The CFPB is casting a critical eye on overdraft fees charged by banks — despite facing an uncertain future in the Trump administration.
The Dodd-Frank-enabled consumer protection group has long been making noises about limiting the fees banks can charge consumers for overdrawing their accounts — and now it seems it will drop a new set of governing rules later this year.
Consumer advocates have long noted that overdraft fees have quietly become a surging source of income for banks. Some observers said that revenue from overdraft fees now outpaces that from pawn shops, payday lenders and tax-refund anticipation checks put together. These advocates argued that banks have essentially found new ways to make consumers foot the bill in the face of profit-dropping low interest rates.
“[Overdrafts] allow customers to spend money they don’t have — then punish them for it,” noted Josh Reich, cofounder and CEO of Simple, an online bank based in Portland, Ore. The seven-year-old bank has never allowed account balances to go below zero and never will.
“Big banks are preying on people when they need financial help the most,” he claimed.
And some big banks have made some pretty big bucks on overdrafts.

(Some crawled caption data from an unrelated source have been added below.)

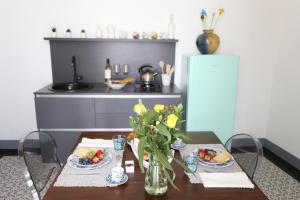 a table with plates of food on it in a kitchen at Palazzo d'Autore - Luxury Home - Ragusa Centro in Ragusa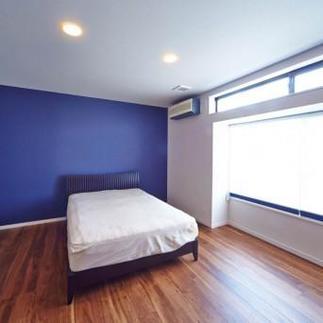 ブルーのアクセントクロスが印象的な落ち着きのある寝室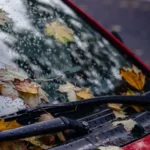 Close-up of wet car windshield with fall leaves, creating a moody autumn scene — SSK Mechanics guide to Wiper Blade Replacement: A Simple DIY Job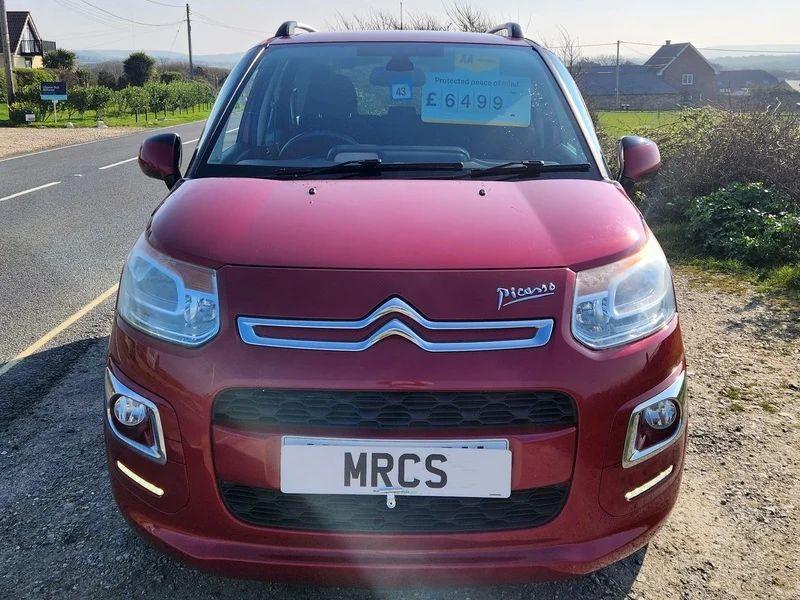 A red Citroen Picasso viewed from the front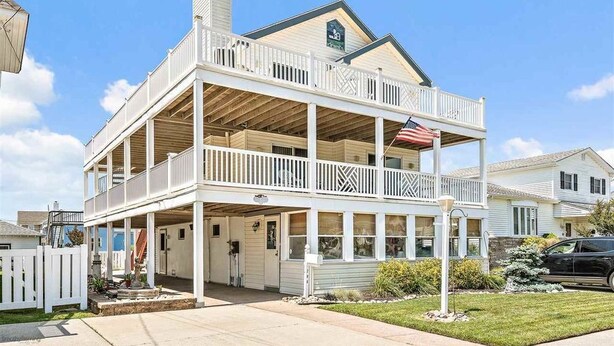 Une maison à deux étages avec un balcon, un garage et un jardin devant.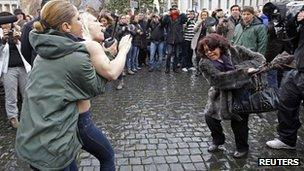 A Femen activist is restrained by a policewoman at the Vatican (13 Jan 2013)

Wells Fargo, for example, increased income from overdraft charges at more than five times the rate of its U.S. bank peers in the third quarter. And most large banks have seen overdraft revenue on the incline in recent years; charges for overdrafts amounted to $3.02 billion between July and September, up 2.4 percent since the same period last year, according to data out of FIG Partners of Atlanta.

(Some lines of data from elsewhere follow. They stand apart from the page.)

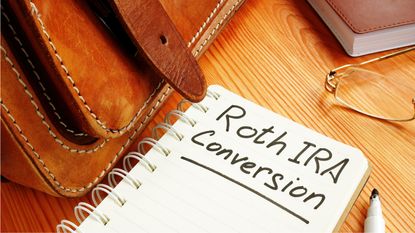 A notebook sits on a desk with the words Roth IRA conversation written on the top page.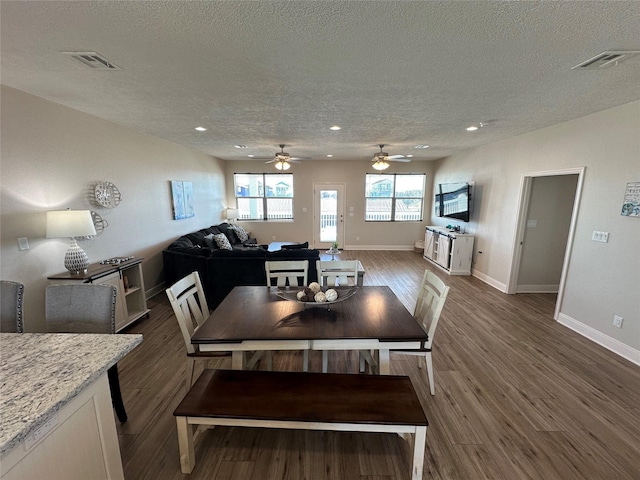 dining space featuring dark wood-type flooring and a textured ceiling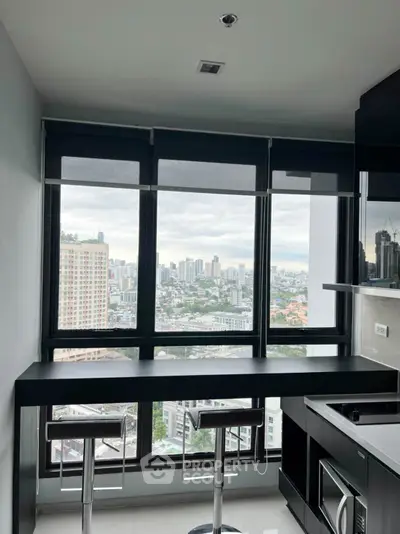 Modern kitchen with stunning city view and sleek black countertops.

By comparison, overdraft income at Wells was up 7.5 percent in the third quarter from a year earlier, while the other four banks making up the top five (JPMorgan Chase, Bank of America, TD Bank and US Bank) collectively saw increases in the 1.3 percent range.
Kris Dahl, a spokesperson for San Francisco-based Wells, said that Wells’ $35 overdraft fee has not changed in five years — and exists to “cover the costs associated with this service, to discourage reliance on overdrafts and to mitigate the financial risk the bank assumes when extending additional funds.”

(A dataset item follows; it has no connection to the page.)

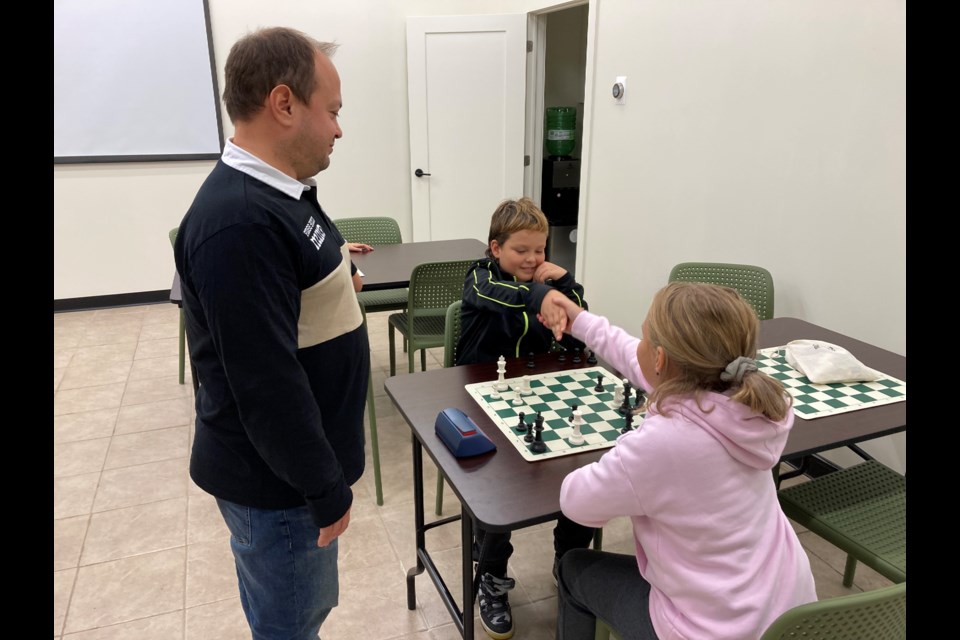 Checkmate! 
Markus and Zoe end their game under the watchful eye of the chess teacher Dmytro Korotkykh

Nick Bourke, a research director at The Pew Charitable Trusts, noted that under current regulatory rules, consumers are losing a week of pay to overdraft fees per year.
“There is a better way to do this,” he said.
However, David Pommerehn, associate general counsel for the Consumer Bankers Association lobby, noted that at present there is not a better way to do this — as the rise in overdrafting reflects consumers making heavier use of debit cards as opposed to cash and the fact that consumers simply lack options when they are struggling.
He cited a 2013 move by the Federal Deposit Insurance Corporation and the Office of the Comptroller of the Currency to tighten rules on banks offering small-dollar loans known as deposit advances — a ruling that was intended to protect consumers but that actually cut off their access to emergency funds.
“We view overdrafts as a consumer choice,” he said. “In this market, there are very few opportunities for many consumers to obtain the short-term liquidity they need.”
Plus, it remains a question mark whether the CFPB will have the power to punch it once did during the Trump administration — given the incoming president’s open and stated contempt for both the agency and the legislation that enables it, Dodd-Frank. Some are anticipating that the consumer protection agency could soon see some big changes that will “diminish meaningfully” its ability to enforce its will against big banks and their products, according to Isaac Boltansky, an analyst at Compass Point in Washington, D.C.
Still, CFPB boosters remain hopeful and encourage the agency to carry on much as it has, for as long as it can.
“This is a shadow payday lending program by the banks, dressed up in a different name,” Mike Calhoun, president of the Center for Responsible Lending, based in Durham, N.C., claimed. He further noted regulatory action is “long, long overdue.”